Jonah is the only character in this story who refuses to repent! Instead, he asks to be allowed to die. But he doesn’t die. God just leaves him—and us!—with an incredulously exasperated question:

And should I not be concerned about Nineveh, that great city, in which there are more than a hundred and twenty thousand persons who do not know their right hand from their left, and also many animals?

The story finishes with this question; and it leaves me with a question, in a time when the nations feel threatened by Baghdad: What kind of story would we tell today?

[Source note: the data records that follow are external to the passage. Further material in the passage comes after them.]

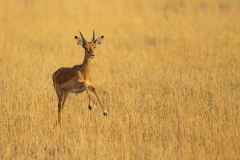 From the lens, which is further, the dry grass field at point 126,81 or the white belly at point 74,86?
the white belly at point 74,86

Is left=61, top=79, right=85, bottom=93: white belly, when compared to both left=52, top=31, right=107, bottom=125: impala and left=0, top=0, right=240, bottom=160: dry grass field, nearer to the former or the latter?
left=52, top=31, right=107, bottom=125: impala

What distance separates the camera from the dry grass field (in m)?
6.82

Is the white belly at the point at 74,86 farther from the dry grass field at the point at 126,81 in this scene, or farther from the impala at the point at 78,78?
the dry grass field at the point at 126,81

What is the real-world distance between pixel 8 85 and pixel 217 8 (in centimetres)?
1035

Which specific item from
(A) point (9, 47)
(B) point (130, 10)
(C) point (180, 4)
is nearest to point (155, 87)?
(A) point (9, 47)

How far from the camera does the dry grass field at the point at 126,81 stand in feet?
22.4

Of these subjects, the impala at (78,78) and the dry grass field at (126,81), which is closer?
the dry grass field at (126,81)

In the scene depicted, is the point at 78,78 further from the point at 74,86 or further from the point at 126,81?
the point at 126,81

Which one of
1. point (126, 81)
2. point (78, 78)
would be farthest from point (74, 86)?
point (126, 81)

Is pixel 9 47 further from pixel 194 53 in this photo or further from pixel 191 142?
pixel 191 142

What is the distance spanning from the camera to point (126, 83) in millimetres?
9992

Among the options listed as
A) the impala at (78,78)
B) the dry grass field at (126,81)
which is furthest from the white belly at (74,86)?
the dry grass field at (126,81)

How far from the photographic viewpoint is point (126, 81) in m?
10.2

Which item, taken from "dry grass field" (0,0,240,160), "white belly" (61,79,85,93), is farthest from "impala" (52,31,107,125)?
"dry grass field" (0,0,240,160) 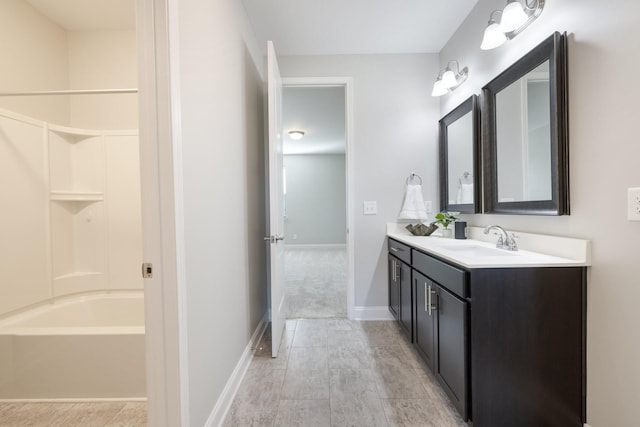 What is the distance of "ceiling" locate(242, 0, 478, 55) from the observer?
2.00 metres

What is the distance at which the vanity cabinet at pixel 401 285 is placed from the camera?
2.00 meters

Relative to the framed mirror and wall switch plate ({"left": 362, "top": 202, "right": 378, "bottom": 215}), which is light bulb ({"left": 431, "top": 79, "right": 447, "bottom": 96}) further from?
wall switch plate ({"left": 362, "top": 202, "right": 378, "bottom": 215})

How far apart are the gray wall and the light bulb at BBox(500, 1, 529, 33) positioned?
5.91m

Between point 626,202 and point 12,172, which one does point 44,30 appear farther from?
point 626,202

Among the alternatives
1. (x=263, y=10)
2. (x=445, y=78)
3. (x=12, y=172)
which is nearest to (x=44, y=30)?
(x=12, y=172)

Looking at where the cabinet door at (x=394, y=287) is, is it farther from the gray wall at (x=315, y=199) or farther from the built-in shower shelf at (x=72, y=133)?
the gray wall at (x=315, y=199)

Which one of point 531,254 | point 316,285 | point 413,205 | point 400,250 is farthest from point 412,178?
point 316,285

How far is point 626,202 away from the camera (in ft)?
3.42

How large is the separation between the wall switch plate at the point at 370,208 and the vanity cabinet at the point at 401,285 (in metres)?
0.32

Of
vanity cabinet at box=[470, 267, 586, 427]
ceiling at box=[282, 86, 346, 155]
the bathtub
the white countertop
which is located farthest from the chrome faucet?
the bathtub

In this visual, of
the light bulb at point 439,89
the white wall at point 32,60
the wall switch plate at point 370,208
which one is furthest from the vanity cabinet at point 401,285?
the white wall at point 32,60

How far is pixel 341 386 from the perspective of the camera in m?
1.66

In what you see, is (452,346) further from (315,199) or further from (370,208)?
(315,199)

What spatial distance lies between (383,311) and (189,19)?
2.60 m
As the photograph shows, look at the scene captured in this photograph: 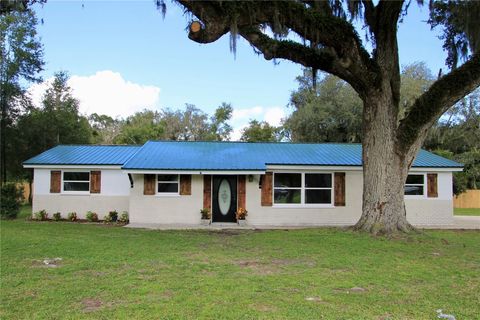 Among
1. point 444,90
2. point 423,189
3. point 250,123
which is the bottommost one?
point 423,189

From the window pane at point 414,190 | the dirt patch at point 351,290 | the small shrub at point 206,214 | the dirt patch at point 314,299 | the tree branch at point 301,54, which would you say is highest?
the tree branch at point 301,54

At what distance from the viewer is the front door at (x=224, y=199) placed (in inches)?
650

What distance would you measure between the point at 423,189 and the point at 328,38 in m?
9.47

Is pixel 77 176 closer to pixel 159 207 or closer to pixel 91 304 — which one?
pixel 159 207

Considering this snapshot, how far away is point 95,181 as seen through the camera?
1788 centimetres

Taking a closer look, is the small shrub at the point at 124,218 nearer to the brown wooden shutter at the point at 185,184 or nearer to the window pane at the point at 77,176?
the window pane at the point at 77,176

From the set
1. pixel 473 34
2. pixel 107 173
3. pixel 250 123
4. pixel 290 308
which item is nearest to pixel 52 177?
pixel 107 173

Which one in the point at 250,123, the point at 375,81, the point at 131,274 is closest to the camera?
the point at 131,274

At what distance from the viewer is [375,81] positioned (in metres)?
11.8

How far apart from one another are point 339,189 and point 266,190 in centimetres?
301

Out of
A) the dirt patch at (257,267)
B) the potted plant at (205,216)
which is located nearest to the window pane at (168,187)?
the potted plant at (205,216)

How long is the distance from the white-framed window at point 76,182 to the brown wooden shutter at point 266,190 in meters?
7.81

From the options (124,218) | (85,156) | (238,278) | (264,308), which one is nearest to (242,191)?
(124,218)

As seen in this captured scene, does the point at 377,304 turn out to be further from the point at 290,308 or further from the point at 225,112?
the point at 225,112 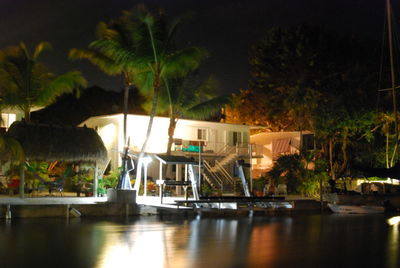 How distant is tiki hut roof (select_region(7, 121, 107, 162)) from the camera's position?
23.3 meters

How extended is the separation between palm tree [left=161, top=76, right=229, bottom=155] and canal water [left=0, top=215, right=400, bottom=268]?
15.8m

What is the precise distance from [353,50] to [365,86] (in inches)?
314

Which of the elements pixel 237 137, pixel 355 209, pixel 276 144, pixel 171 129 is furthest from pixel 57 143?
pixel 276 144

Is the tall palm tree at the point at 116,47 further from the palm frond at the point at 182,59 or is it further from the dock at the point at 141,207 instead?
the dock at the point at 141,207

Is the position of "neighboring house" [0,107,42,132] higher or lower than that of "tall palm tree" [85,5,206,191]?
lower

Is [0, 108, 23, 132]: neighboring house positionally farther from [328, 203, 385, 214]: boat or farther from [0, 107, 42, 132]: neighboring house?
[328, 203, 385, 214]: boat

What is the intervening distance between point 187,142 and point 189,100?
3.12 m

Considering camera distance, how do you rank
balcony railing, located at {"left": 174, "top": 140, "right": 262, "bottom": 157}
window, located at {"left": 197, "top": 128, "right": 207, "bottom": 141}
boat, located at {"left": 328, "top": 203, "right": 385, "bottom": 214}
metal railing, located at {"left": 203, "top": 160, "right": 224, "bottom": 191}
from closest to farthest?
boat, located at {"left": 328, "top": 203, "right": 385, "bottom": 214}
balcony railing, located at {"left": 174, "top": 140, "right": 262, "bottom": 157}
metal railing, located at {"left": 203, "top": 160, "right": 224, "bottom": 191}
window, located at {"left": 197, "top": 128, "right": 207, "bottom": 141}

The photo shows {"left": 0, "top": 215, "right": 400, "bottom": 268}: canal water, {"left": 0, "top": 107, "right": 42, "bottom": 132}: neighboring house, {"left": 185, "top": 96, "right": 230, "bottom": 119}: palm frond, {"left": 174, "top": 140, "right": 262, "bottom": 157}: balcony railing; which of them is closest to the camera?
{"left": 0, "top": 215, "right": 400, "bottom": 268}: canal water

If we were to write the story of Jonah today, where would we situate Nineveh? Where would Jonah be sent? To Baghdad? Or would it be to Washington, or London? Or, two days after Australia Day, should it be to poor old fire-ravaged Canberra? Where should we direct the call to repentance?

What kind of God would our story tell of? Someone said to me recently, “Perhaps today we have to say that God is on everyone’s side.” But we should have learned that centuries ago from the story of Jonah. Surely, the God of Jonah is on everyone’s side? In the Book of Jonah, God chooses a people, not to be ‘on their side’, but to be prophets, to bring the good news—yes, the good news—of God’s judgement to the nations.

What would our story say about the consequences of the nations hearing God’s call to repentance? How would our story declare God’s mercy for the ordinary people of Iraq, and even for the creation itself?